INFORMATION SUPPLIED.
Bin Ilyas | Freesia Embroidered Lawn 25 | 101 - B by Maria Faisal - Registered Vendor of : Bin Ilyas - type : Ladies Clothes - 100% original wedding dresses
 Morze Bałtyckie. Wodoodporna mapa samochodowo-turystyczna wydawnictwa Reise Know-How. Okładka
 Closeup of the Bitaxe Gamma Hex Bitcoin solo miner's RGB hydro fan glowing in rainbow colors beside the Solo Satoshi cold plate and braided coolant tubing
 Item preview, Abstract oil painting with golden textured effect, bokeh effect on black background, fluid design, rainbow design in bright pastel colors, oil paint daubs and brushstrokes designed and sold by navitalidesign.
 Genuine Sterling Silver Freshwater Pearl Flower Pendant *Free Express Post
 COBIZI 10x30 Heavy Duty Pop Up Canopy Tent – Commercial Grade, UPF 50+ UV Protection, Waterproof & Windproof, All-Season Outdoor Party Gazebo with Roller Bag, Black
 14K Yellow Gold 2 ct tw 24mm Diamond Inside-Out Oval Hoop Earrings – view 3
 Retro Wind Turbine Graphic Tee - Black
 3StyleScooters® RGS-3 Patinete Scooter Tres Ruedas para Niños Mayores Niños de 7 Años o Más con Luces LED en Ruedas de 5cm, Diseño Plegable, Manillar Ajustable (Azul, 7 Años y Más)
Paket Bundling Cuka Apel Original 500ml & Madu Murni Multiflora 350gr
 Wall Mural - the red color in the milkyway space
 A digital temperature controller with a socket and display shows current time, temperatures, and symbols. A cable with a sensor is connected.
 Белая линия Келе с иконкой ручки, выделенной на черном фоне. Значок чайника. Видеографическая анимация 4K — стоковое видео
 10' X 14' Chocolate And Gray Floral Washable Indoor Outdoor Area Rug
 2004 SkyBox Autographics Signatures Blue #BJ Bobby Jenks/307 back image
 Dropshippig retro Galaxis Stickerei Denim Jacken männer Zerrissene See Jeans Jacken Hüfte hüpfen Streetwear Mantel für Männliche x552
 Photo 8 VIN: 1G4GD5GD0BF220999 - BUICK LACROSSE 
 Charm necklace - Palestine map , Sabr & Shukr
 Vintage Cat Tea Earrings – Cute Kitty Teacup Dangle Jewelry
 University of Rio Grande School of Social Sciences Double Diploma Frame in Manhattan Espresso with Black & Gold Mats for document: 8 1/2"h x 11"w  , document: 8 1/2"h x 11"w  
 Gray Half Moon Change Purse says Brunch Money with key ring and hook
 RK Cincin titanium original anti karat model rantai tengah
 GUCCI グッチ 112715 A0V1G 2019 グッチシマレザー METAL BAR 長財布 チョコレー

WHAT YOU SHOULD DO. Collect every line with the string "Outdoor" from the records, and copy each.

REPLY TO THE EXERCISE.
 COBIZI 10x30 Heavy Duty Pop Up Canopy Tent – Commercial Grade, UPF 50+ UV Protection, Waterproof & Windproof, All-Season Outdoor Party Gazebo with Roller Bag, Black
 10' X 14' Chocolate And Gray Floral Washable Indoor Outdoor Area Rug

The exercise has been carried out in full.